There are two sources of crime data for America, both of them in the Department of Justice (under the Attorney General): the Federal Bureau of Investigation (FBI) and the Bureau of Justice Statistics (BJS). The BJS data is compiled by a random survey method of Americans, the FBI uses data reported by over 18,000 American law enforcement elements (everything from State Police to Sheriffs to tribal organizations). Comparing the two, we learn that only about half of all crimes are reported (the BJS data is twice the FBI data!). Both data sets tend to move in the same direction (crime overall and types of crime vary in the same way, that is for example, less murder, even if we don’t know for sure the total number of murders).

What do we know for sure? Only a little. First, while the FBI counts crimes and the BJS has a survey, the fact that almost half of all crimes go unreported means our data can only be used in a general way. The apparent specificity of the FBI data is undermined by several factors. Local authorities do not have to report to the FBI. There are inducements to do so, but no true forcing mechanism. So some do and some don’t. Also, while the FBI has rules for how to report, there is some subjectivity. “The kid who threw a rock through the window of the only black-owned business in town. Was that vandalism or a hate crime, too? Did we have to charge it? What if it qualifies as a felony (by cost) but we charged it as a misdemeanor?” You get the point. On top of this, the FBI recently switched its data system for Uniform Crime Reporting (UCR), so some agencies stopped reporting, then restarted, others joined, some left. None of this is best practices for sound data. The phrase among statisticians is “garbage in, garbage out.”

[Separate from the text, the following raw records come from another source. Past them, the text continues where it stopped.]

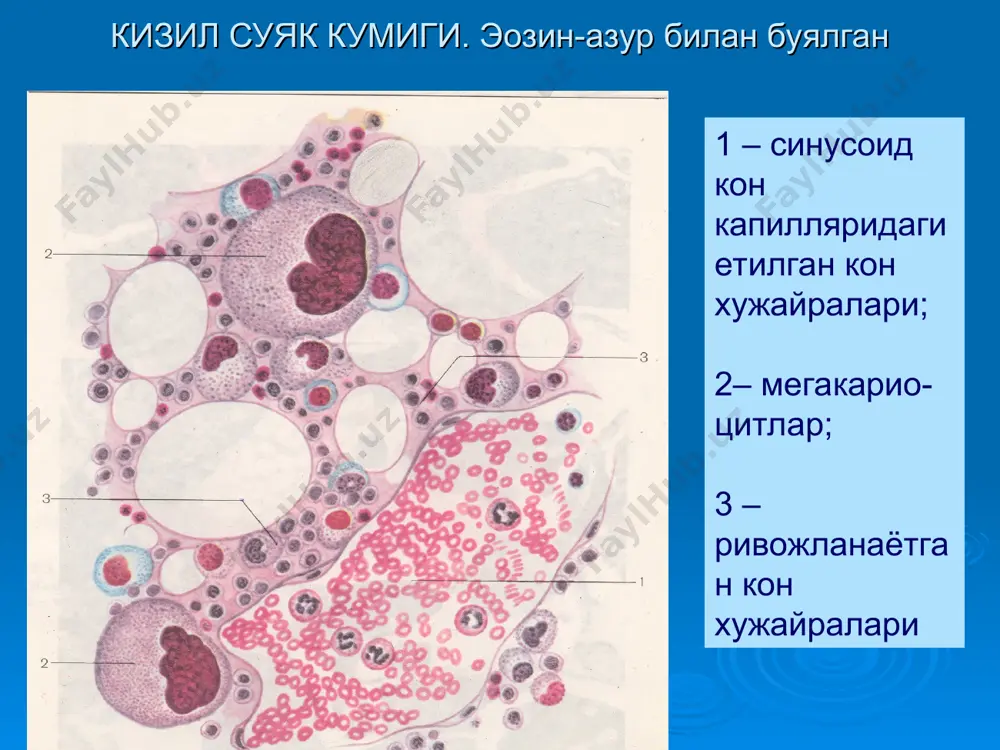 кон яратувчи ва иммун-химоя аъзолари - Page 2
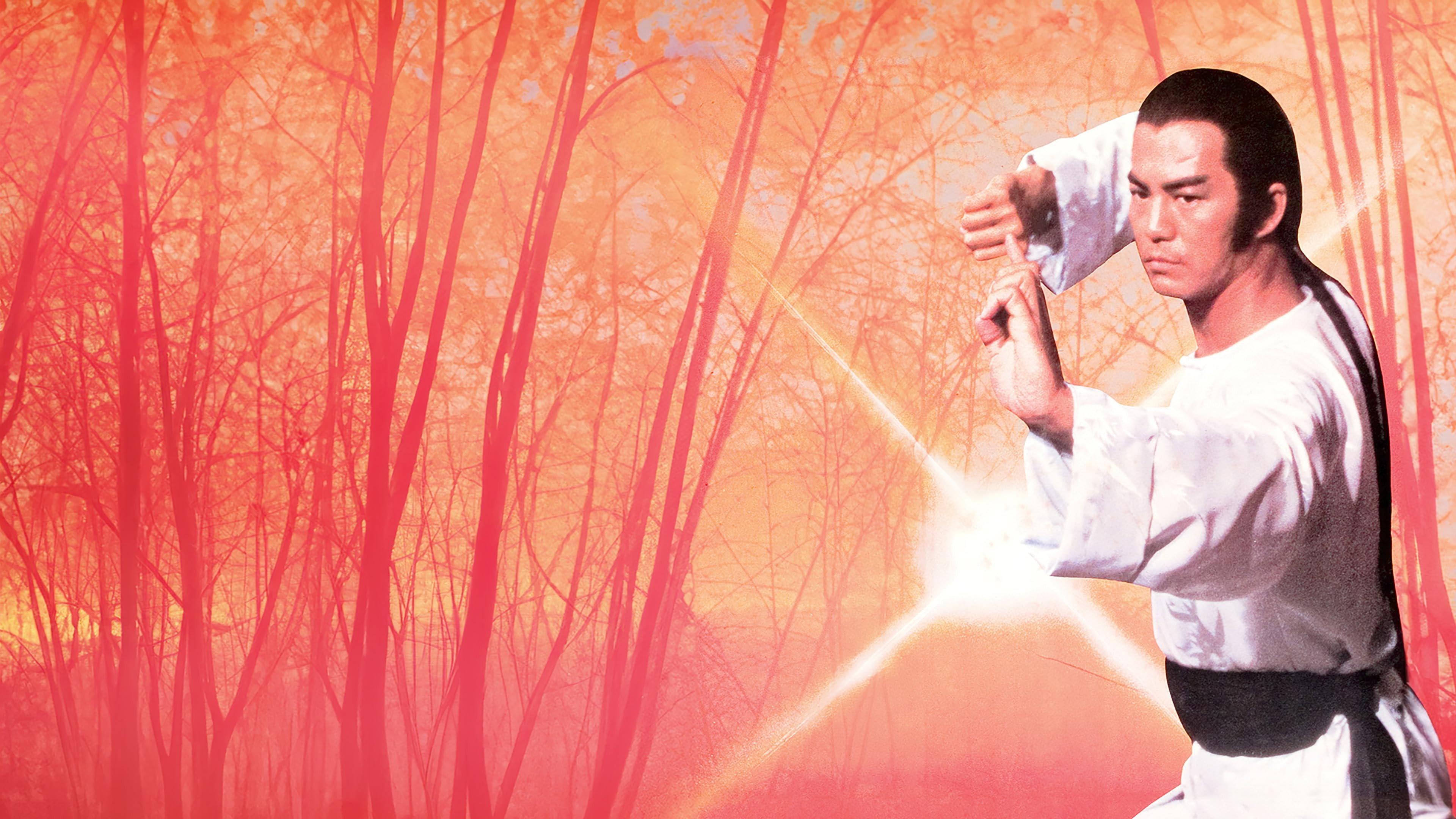 洪拳大师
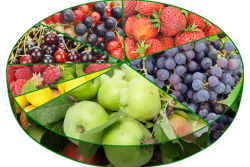 produce pie chart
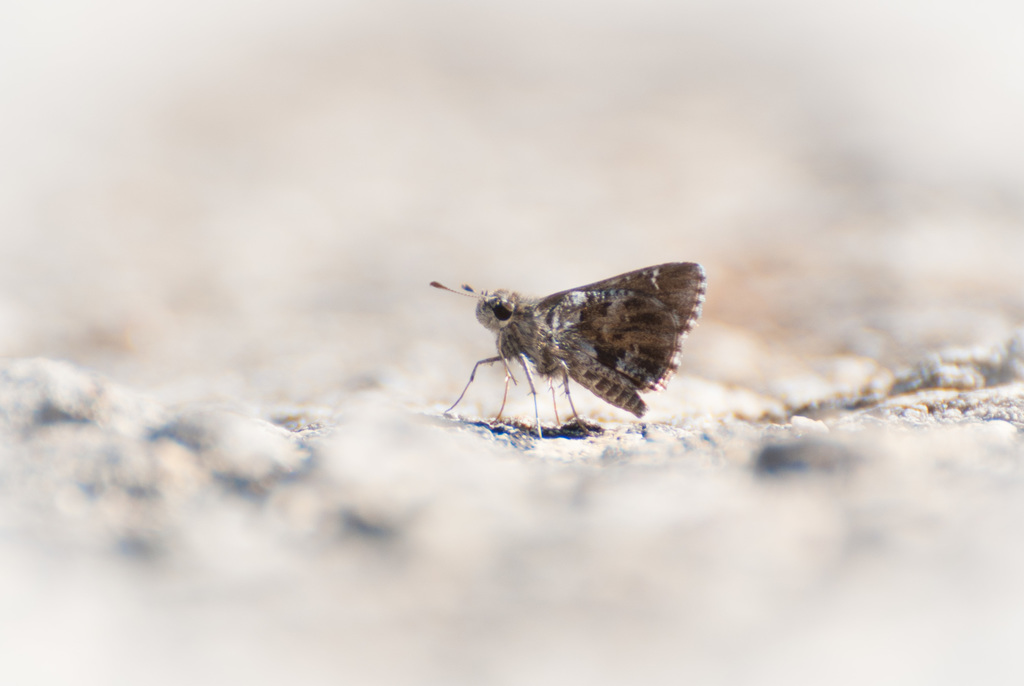 Nysa Roadside-Skipper (Butterflies and selected moths of Central Texas ...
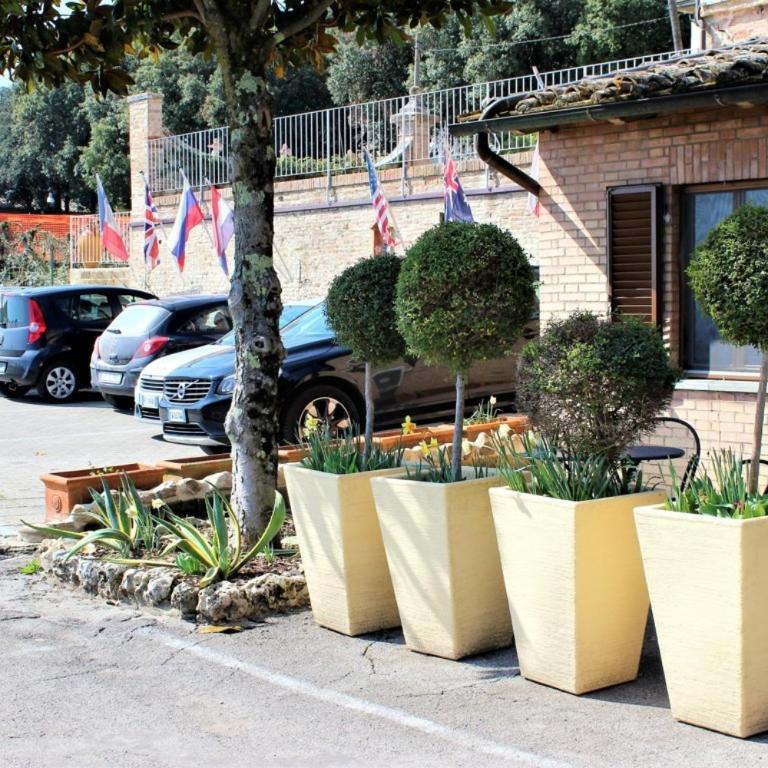 Hotel Porta Romana - LuceHotels - Camera Matrimoniale con Patio - 2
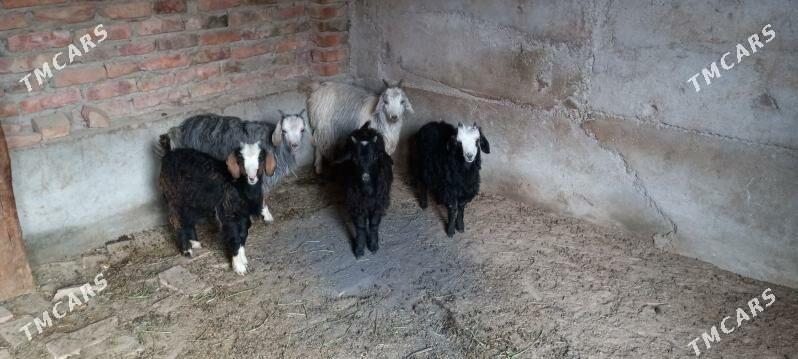 чебиш - Бахарден - img 2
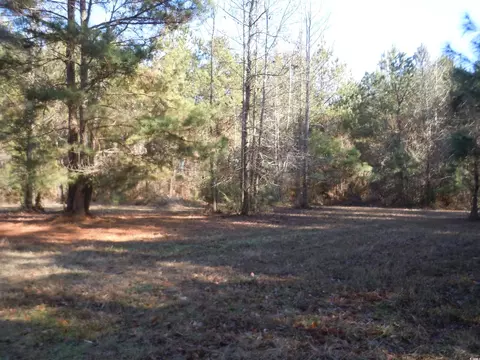 1070 Bee Tree Rd, Chadbourn, NC 28431 photo 26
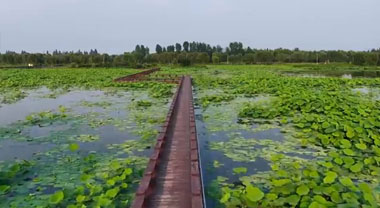安徽池州：風搖夏荷映碧湖
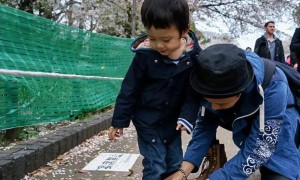 孙俪儿子帅到认不出!年仅14岁身高1米7,梦想打CBA职业联赛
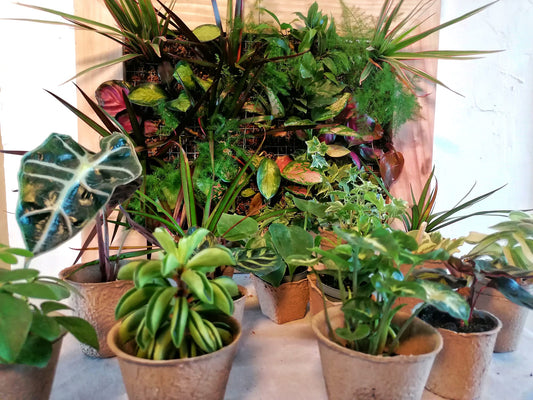 Les bienfaits des plantes d'intérieur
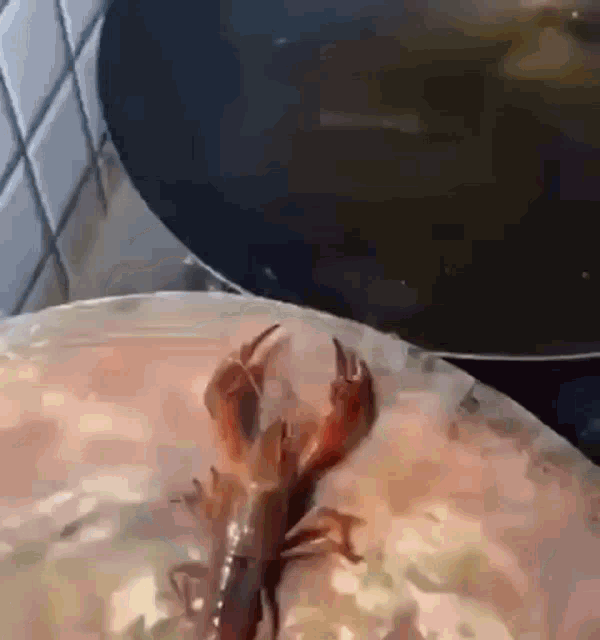lobster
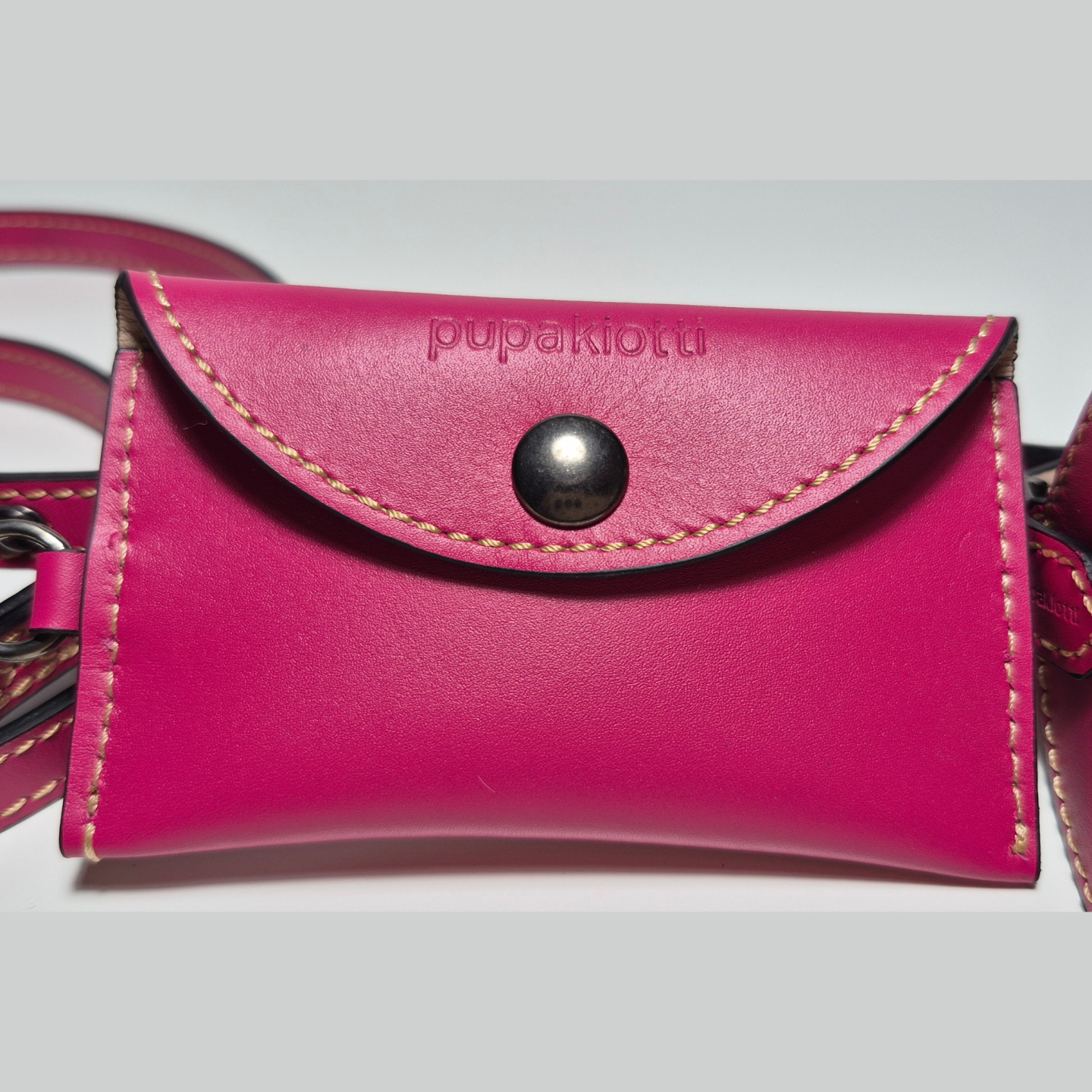 Set Pettorina e Guinzaglio in Pelle Cani | Dolce Zampa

Still, there is a principle in statistics that if you are sampling data, it is unlikely you’re only getting the outliers. So the data are good enough for general trends. When Presidents say “violent crime is down 35% under my administration,” they are at best fibbing. They might be able to claim it is down (35% is pretty large to be an outlier), but in no way should the data be taken as that specific. What are the basic trends in the data?

Pew Research helpfully captured the major trend lines in crime statistics

No one can mistake the trend lines: rates of property crimes and violent crimes are both way down from thirty years ago. The line zigs and zags, meaning it could go up in a given year, like it did during the pandemic in 2020. And local conditions vary: Chicago had a murder peak for a year or two before things calmed down. Yet overall there are far fewer violent crimes than before.

Yet most Americans believe crime is getting worse. How can that be? Statistically, you are extremely unlikely to be a victim of violent crime, and very unlikely to be a witness of one. You are somewhat unlikely to be a victim of property crime, and you are just unlikely to be a witness of one. Which is to say some crimes are more common, and more of us witness them. When you get to the point of knowing someone who experiences or witnesses such crimes, the probabilities begin to switch from “unlikely” to “likely” because you keep increasing the number of people under consideration.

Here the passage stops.